**Data extracted from a collection:**
*** Begin section ***

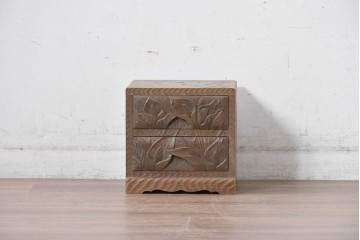中古　美品　日光彫り　随所に施された彫刻が見事な小引き出し　(R-084864)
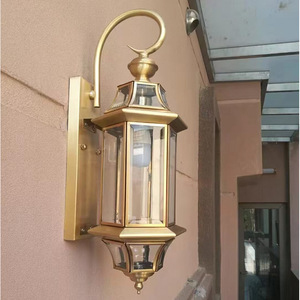 Lampe murale extérieure en laiton, verre trempé carré, éclairage de jardin étanche - Product Image 1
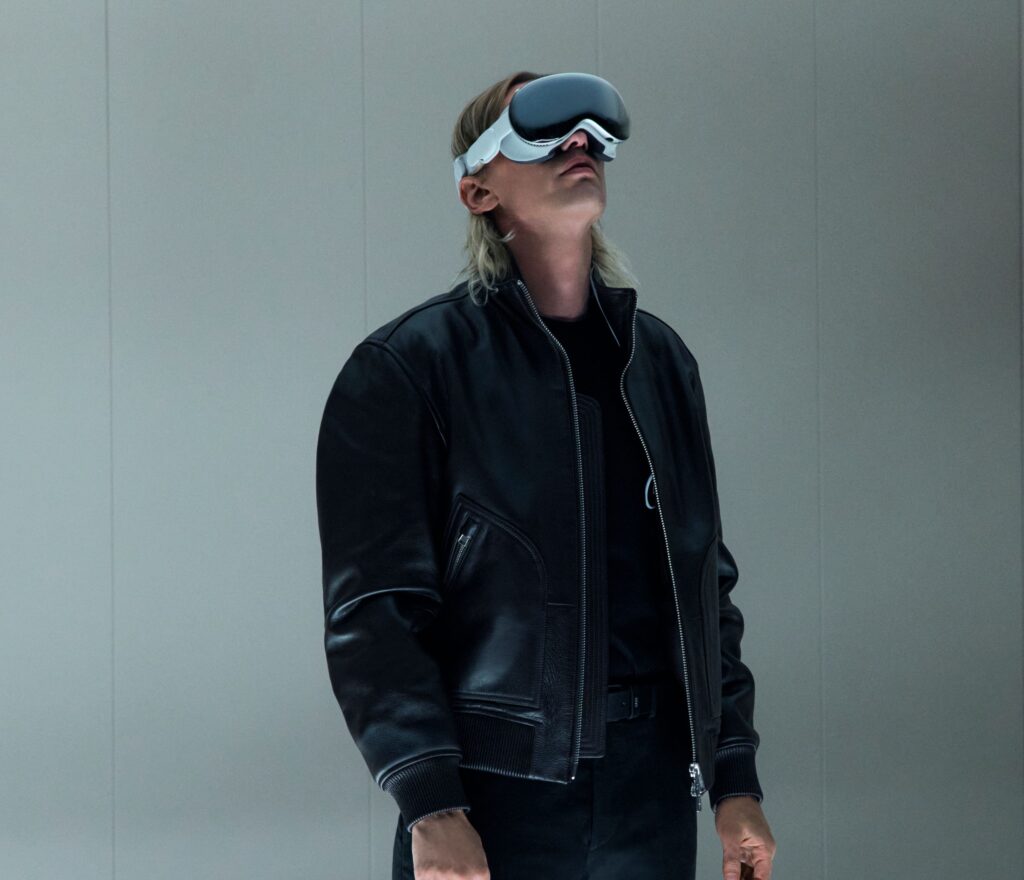 Fernando Alonso BOSS Apple Vision Pro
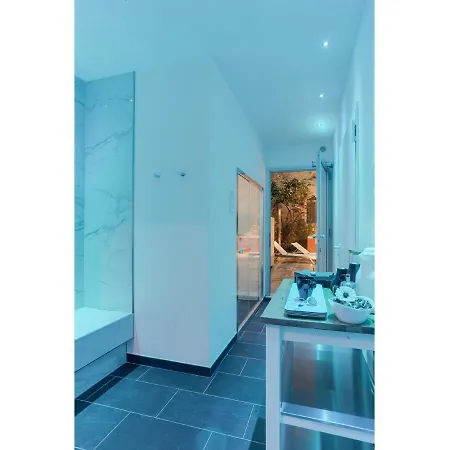 Ξενοδοχείο Medusa 3*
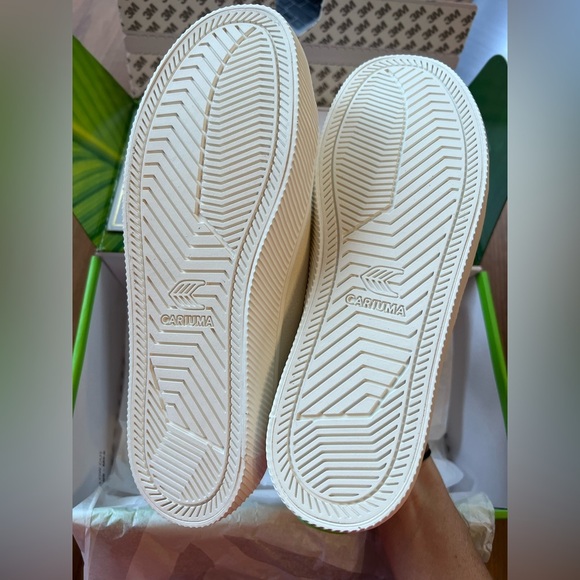 NIB Cariuma OCA Low Off-White Canvas Sneaker - Picture 8 of 8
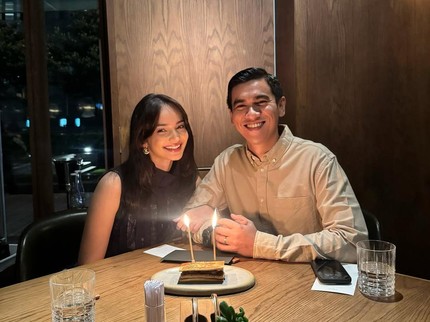Terpopuler: Kisah Cinta Enzy Storia dan Suami Diplomat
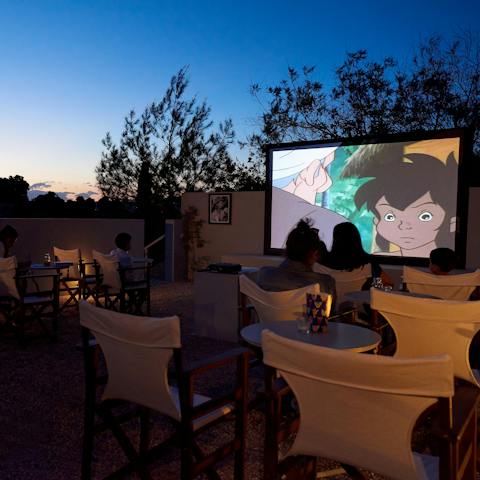 Feel like you're at the movies with your very own open-air cinema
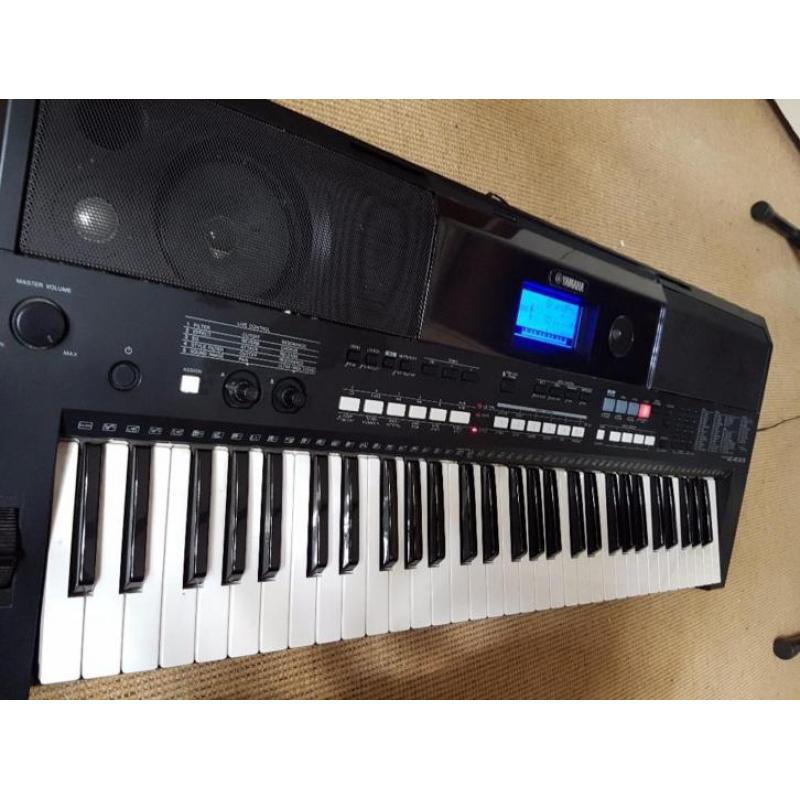 Keyboard; Yamaha PSR E433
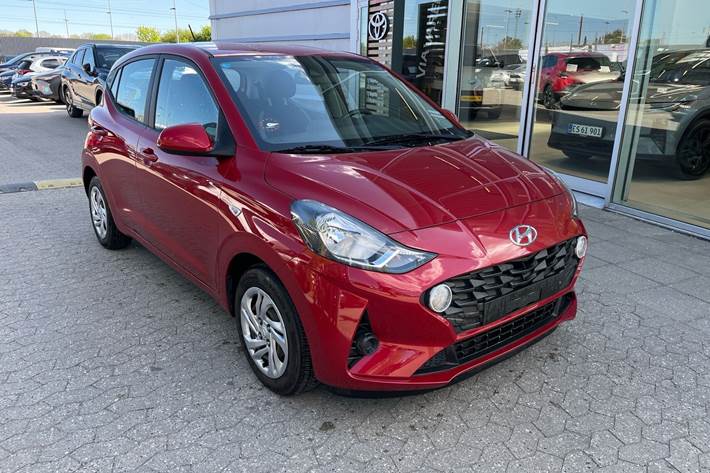 Rød Hyundai i10 fra 2020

*** End section ***

**EXERCISE DETAILS:** From the line containing "Feel like you're" through the last line of the data above, write out every line word for word, and nothing else. Do not include the pictures.

**OUTPUT:**
 Feel like you're at the movies with your very own open-air cinema
 Keyboard; Yamaha PSR E433
 Rød Hyundai i10 fra 2020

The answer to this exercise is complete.